__What the exercise asks__: Only one stretch of the records below should be repeated. It starts with the line containing "For Sale: $295,000" and goes on through the line containing "Притормозили экономику. Жесткий", exactly as written.

-- Extracted entries follows --

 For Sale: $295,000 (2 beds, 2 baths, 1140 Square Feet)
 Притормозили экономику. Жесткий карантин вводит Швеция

-- Extracted entries concluded --
-- Extracted entries follows --

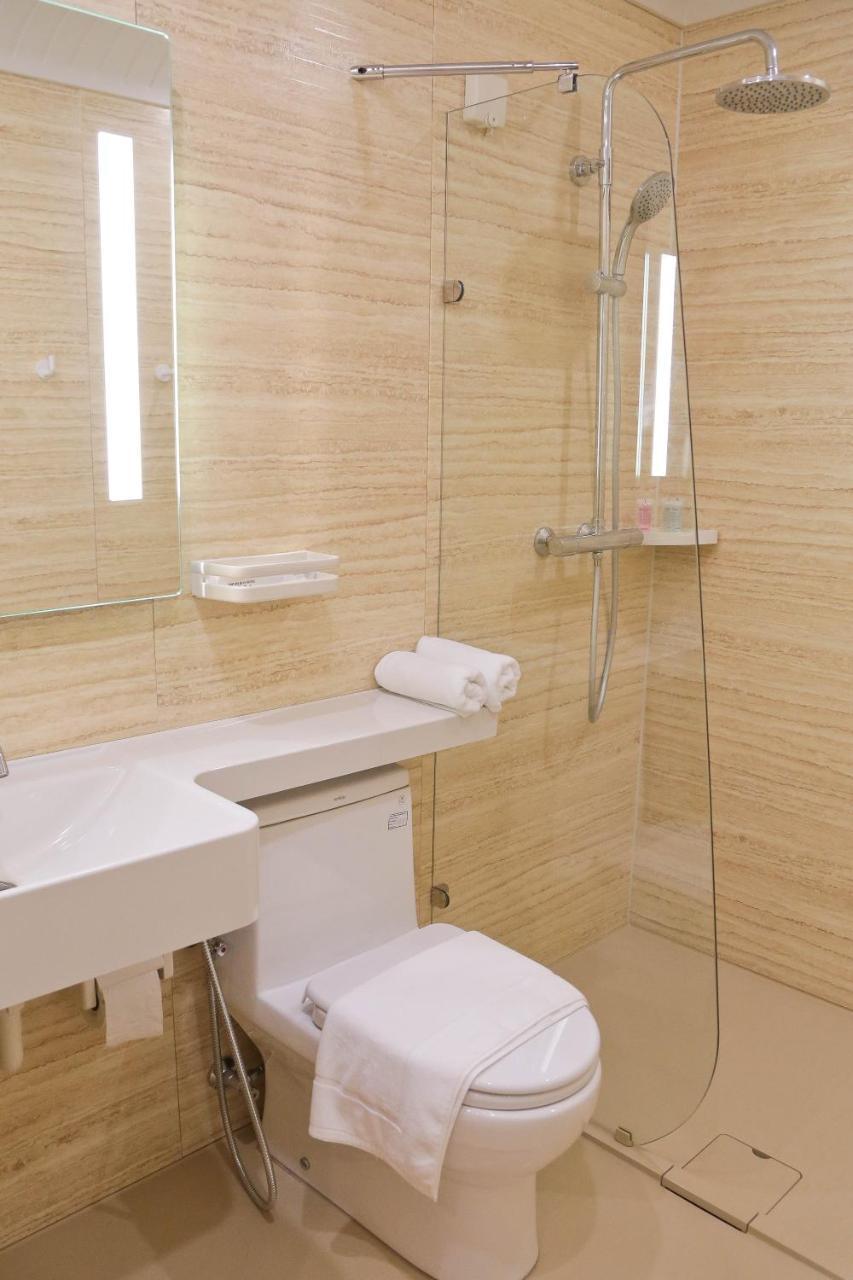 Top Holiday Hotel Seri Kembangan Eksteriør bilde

-- Extracted entries concluded --
-- Extracted entries follows --

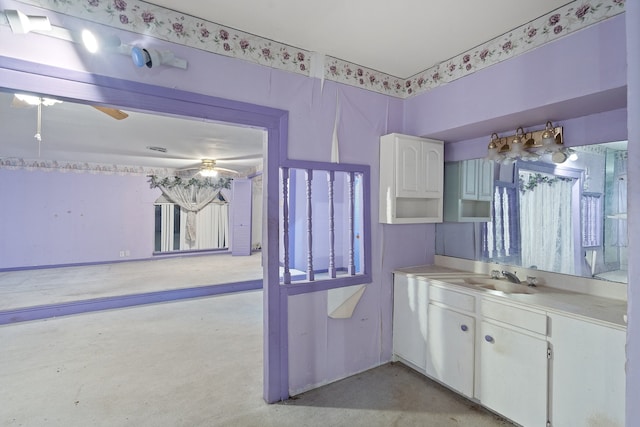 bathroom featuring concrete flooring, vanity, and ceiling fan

-- Extracted entries concluded --

__Solution for this problem__:
 For Sale: $295,000 (2 beds, 2 baths, 1140 Square Feet)
 Притормозили экономику. Жесткий карантин вводит Швеция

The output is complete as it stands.